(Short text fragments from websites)
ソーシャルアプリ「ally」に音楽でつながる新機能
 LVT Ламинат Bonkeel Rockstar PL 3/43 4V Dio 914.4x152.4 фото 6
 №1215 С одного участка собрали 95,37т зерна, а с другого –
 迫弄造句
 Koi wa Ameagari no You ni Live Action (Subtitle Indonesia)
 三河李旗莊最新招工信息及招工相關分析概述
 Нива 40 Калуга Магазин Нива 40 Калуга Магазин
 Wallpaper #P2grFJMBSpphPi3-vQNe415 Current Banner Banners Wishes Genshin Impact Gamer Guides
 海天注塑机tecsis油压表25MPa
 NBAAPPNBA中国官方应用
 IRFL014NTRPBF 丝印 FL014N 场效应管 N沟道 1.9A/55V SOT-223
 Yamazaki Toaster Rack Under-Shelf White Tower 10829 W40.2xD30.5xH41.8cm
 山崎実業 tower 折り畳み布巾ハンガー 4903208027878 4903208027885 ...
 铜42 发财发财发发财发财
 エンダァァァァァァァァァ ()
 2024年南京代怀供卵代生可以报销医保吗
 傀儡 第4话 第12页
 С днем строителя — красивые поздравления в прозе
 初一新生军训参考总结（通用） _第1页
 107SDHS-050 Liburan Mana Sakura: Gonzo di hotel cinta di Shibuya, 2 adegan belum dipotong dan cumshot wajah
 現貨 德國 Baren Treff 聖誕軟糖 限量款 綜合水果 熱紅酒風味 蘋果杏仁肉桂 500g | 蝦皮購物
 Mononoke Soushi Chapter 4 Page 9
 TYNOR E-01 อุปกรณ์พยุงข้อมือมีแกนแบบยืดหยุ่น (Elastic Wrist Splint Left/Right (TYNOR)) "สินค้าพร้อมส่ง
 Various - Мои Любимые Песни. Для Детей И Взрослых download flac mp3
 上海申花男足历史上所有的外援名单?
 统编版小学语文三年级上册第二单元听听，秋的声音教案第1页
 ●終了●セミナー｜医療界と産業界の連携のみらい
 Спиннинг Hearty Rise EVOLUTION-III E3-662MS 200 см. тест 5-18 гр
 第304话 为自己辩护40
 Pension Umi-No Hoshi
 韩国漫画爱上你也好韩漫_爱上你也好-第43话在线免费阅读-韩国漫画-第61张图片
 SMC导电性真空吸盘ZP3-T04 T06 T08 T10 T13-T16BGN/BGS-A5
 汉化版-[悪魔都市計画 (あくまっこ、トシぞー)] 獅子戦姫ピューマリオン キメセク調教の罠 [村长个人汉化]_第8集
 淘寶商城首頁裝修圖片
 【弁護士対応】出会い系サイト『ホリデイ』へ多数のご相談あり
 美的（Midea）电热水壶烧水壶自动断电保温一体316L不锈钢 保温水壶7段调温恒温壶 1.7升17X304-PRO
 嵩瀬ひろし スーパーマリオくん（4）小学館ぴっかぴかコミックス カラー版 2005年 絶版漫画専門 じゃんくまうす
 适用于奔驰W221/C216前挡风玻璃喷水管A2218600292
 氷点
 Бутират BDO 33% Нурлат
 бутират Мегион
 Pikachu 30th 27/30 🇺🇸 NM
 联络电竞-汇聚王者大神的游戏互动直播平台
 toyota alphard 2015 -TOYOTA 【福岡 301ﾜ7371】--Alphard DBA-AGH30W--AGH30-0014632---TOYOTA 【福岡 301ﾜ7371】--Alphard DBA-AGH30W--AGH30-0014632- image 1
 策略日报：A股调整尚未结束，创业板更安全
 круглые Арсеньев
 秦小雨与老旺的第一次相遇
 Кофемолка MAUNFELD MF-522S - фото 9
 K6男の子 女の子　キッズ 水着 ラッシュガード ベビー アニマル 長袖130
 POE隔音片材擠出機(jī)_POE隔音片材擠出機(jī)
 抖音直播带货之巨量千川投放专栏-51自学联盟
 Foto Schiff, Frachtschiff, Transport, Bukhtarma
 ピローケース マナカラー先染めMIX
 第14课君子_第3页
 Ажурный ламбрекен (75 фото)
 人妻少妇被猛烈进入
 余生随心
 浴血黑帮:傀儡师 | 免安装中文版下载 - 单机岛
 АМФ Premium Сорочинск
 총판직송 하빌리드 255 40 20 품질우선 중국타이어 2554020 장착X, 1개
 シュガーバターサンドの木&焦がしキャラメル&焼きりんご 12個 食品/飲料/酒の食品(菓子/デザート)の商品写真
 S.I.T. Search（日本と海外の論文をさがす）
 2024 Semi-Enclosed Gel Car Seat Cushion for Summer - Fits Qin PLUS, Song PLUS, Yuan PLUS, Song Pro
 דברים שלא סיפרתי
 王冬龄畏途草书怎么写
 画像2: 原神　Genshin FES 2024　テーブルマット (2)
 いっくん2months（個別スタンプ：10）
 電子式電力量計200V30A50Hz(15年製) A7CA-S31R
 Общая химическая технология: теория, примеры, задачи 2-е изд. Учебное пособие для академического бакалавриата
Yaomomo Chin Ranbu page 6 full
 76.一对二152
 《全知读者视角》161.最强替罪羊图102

YOUR GOAL: Every record above is to be copied out exactly.

EXERCISE SOLUTION:
ソーシャルアプリ「ally」に音楽でつながる新機能
 LVT Ламинат Bonkeel Rockstar PL 3/43 4V Dio 914.4x152.4 фото 6
 №1215 С одного участка собрали 95,37т зерна, а с другого –
 迫弄造句
 Koi wa Ameagari no You ni Live Action (Subtitle Indonesia)
 三河李旗莊最新招工信息及招工相關分析概述
 Нива 40 Калуга Магазин Нива 40 Калуга Магазин
 Wallpaper #P2grFJMBSpphPi3-vQNe415 Current Banner Banners Wishes Genshin Impact Gamer Guides
 海天注塑机tecsis油压表25MPa
 NBAAPPNBA中国官方应用
 IRFL014NTRPBF 丝印 FL014N 场效应管 N沟道 1.9A/55V SOT-223
 Yamazaki Toaster Rack Under-Shelf White Tower 10829 W40.2xD30.5xH41.8cm
 山崎実業 tower 折り畳み布巾ハンガー 4903208027878 4903208027885 ...
 铜42 发财发财发发财发财
 エンダァァァァァァァァァ ()
 2024年南京代怀供卵代生可以报销医保吗
 傀儡 第4话 第12页
 С днем строителя — красивые поздравления в прозе
 初一新生军训参考总结（通用） _第1页
 107SDHS-050 Liburan Mana Sakura: Gonzo di hotel cinta di Shibuya, 2 adegan belum dipotong dan cumshot wajah
 現貨 德國 Baren Treff 聖誕軟糖 限量款 綜合水果 熱紅酒風味 蘋果杏仁肉桂 500g | 蝦皮購物
 Mononoke Soushi Chapter 4 Page 9
 TYNOR E-01 อุปกรณ์พยุงข้อมือมีแกนแบบยืดหยุ่น (Elastic Wrist Splint Left/Right (TYNOR)) "สินค้าพร้อมส่ง
 Various - Мои Любимые Песни. Для Детей И Взрослых download flac mp3
 上海申花男足历史上所有的外援名单?
 统编版小学语文三年级上册第二单元听听，秋的声音教案第1页
 ●終了●セミナー｜医療界と産業界の連携のみらい
 Спиннинг Hearty Rise EVOLUTION-III E3-662MS 200 см. тест 5-18 гр
 第304话 为自己辩护40
 Pension Umi-No Hoshi
 韩国漫画爱上你也好韩漫_爱上你也好-第43话在线免费阅读-韩国漫画-第61张图片
 SMC导电性真空吸盘ZP3-T04 T06 T08 T10 T13-T16BGN/BGS-A5
 汉化版-[悪魔都市計画 (あくまっこ、トシぞー)] 獅子戦姫ピューマリオン キメセク調教の罠 [村长个人汉化]_第8集
 淘寶商城首頁裝修圖片
 【弁護士対応】出会い系サイト『ホリデイ』へ多数のご相談あり
 美的（Midea）电热水壶烧水壶自动断电保温一体316L不锈钢 保温水壶7段调温恒温壶 1.7升17X304-PRO
 嵩瀬ひろし スーパーマリオくん（4）小学館ぴっかぴかコミックス カラー版 2005年 絶版漫画専門 じゃんくまうす
 适用于奔驰W221/C216前挡风玻璃喷水管A2218600292
 氷点
 Бутират BDO 33% Нурлат
 бутират Мегион
 Pikachu 30th 27/30 🇺🇸 NM
 联络电竞-汇聚王者大神的游戏互动直播平台
 toyota alphard 2015 -TOYOTA 【福岡 301ﾜ7371】--Alphard DBA-AGH30W--AGH30-0014632---TOYOTA 【福岡 301ﾜ7371】--Alphard DBA-AGH30W--AGH30-0014632- image 1
 策略日报：A股调整尚未结束，创业板更安全
 круглые Арсеньев
 秦小雨与老旺的第一次相遇
 Кофемолка MAUNFELD MF-522S - фото 9
 K6男の子 女の子　キッズ 水着 ラッシュガード ベビー アニマル 長袖130
 POE隔音片材擠出機(jī)_POE隔音片材擠出機(jī)
 抖音直播带货之巨量千川投放专栏-51自学联盟
 Foto Schiff, Frachtschiff, Transport, Bukhtarma
 ピローケース マナカラー先染めMIX
 第14课君子_第3页
 Ажурный ламбрекен (75 фото)
 人妻少妇被猛烈进入
 余生随心
 浴血黑帮:傀儡师 | 免安装中文版下载 - 单机岛
 АМФ Premium Сорочинск
 총판직송 하빌리드 255 40 20 품질우선 중국타이어 2554020 장착X, 1개
 シュガーバターサンドの木&焦がしキャラメル&焼きりんご 12個 食品/飲料/酒の食品(菓子/デザート)の商品写真
 S.I.T. Search（日本と海外の論文をさがす）
 2024 Semi-Enclosed Gel Car Seat Cushion for Summer - Fits Qin PLUS, Song PLUS, Yuan PLUS, Song Pro
 דברים שלא סיפרתי
 王冬龄畏途草书怎么写
 画像2: 原神　Genshin FES 2024　テーブルマット (2)
 いっくん2months（個別スタンプ：10）
 電子式電力量計200V30A50Hz(15年製) A7CA-S31R
 Общая химическая технология: теория, примеры, задачи 2-е изд. Учебное пособие для академического бакалавриата
Yaomomo Chin Ranbu page 6 full
 76.一对二152
 《全知读者视角》161.最强替罪羊图102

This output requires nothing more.